_DATA_.
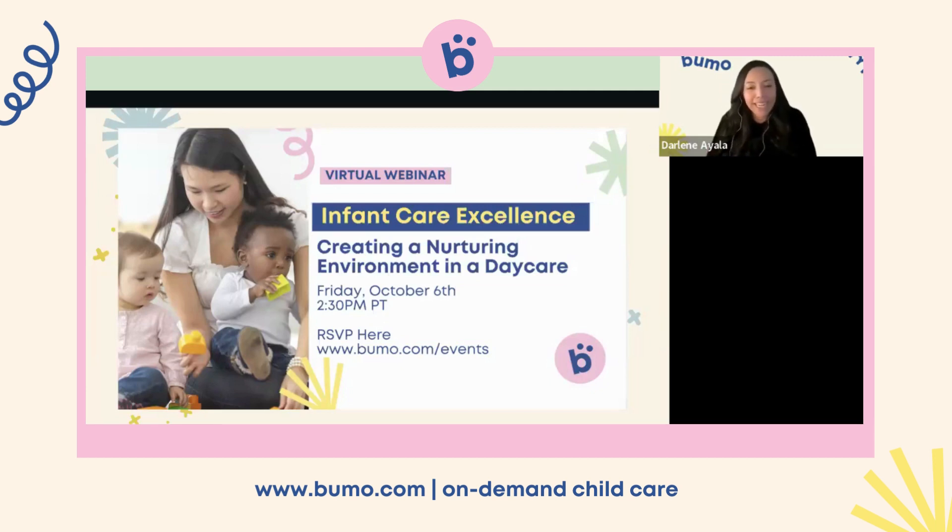Hi everyone. Happy Friday, we made it. So yes, another webinar. And this one is Infant Care Excellence, Creating a Nurturing Environment in a Daycare Setting.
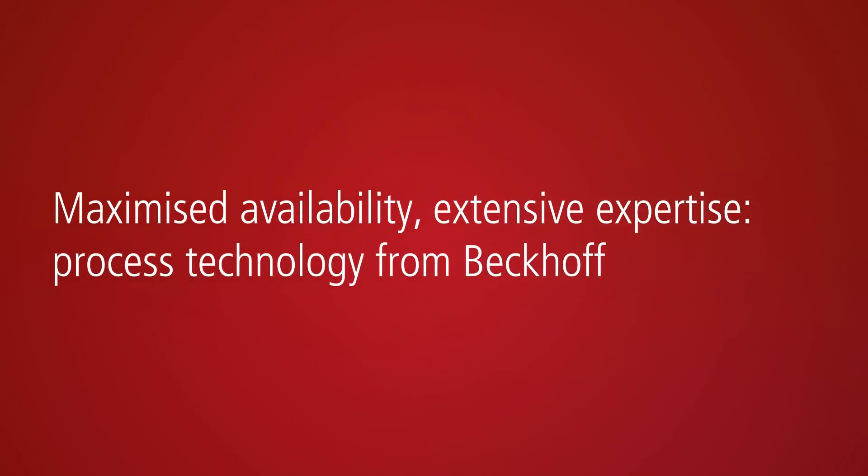Maximised availability, extensive expertise. Bekoff is your partner for process technology applications.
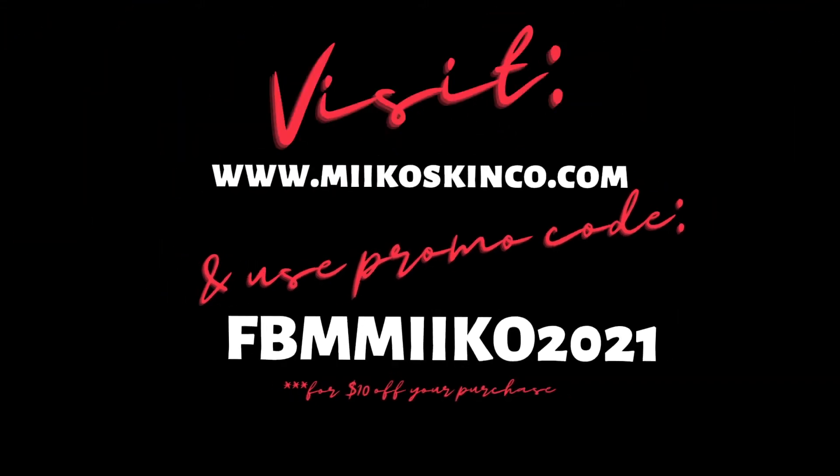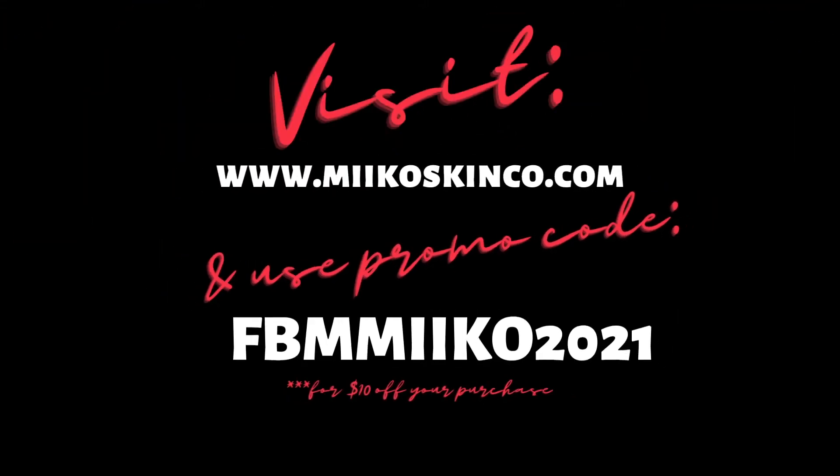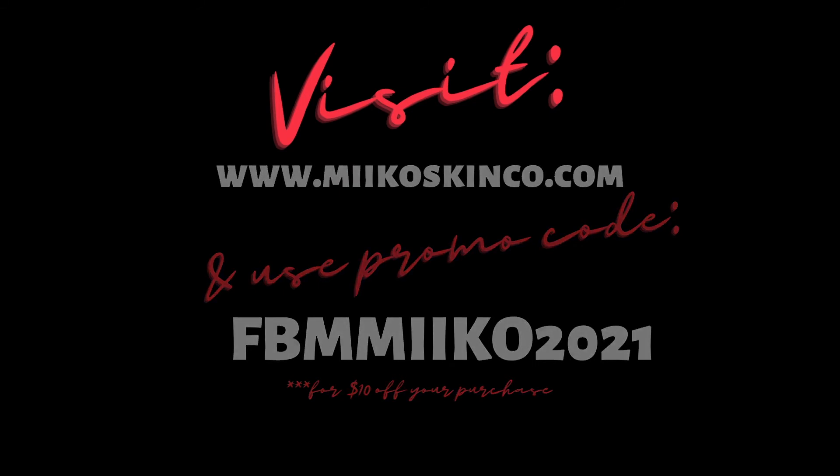If you would like to try any of the products in this video or some of the other amazing products Miko Skin Co has to offer, head on over to mikoskinco.com. Get a free skin consultation with one of their on-site representatives to discuss your skin, its problems, and your needs. Once you've discovered which products will work best for your skin, go to the promo box and type in FBM-MIIKO-2021 for $10 off your purchase. Let me know what you think!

_WHAT THE TASK REQUIRES_.
Would you retype exactly the lines running from the line that contains "Maximised availability, extensive" through the end of the listing above, both included? Skip every picture.

_PROBLEM SOLUTION_.
Maximised availability, extensive expertise. Bekoff is your partner for process technology applications.
If you would like to try any of the products in this video or some of the other amazing products Miko Skin Co has to offer, head on over to mikoskinco.com. Get a free skin consultation with one of their on-site representatives to discuss your skin, its problems, and your needs. Once you've discovered which products will work best for your skin, go to the promo box and type in FBM-MIIKO-2021 for $10 off your purchase. Let me know what you think!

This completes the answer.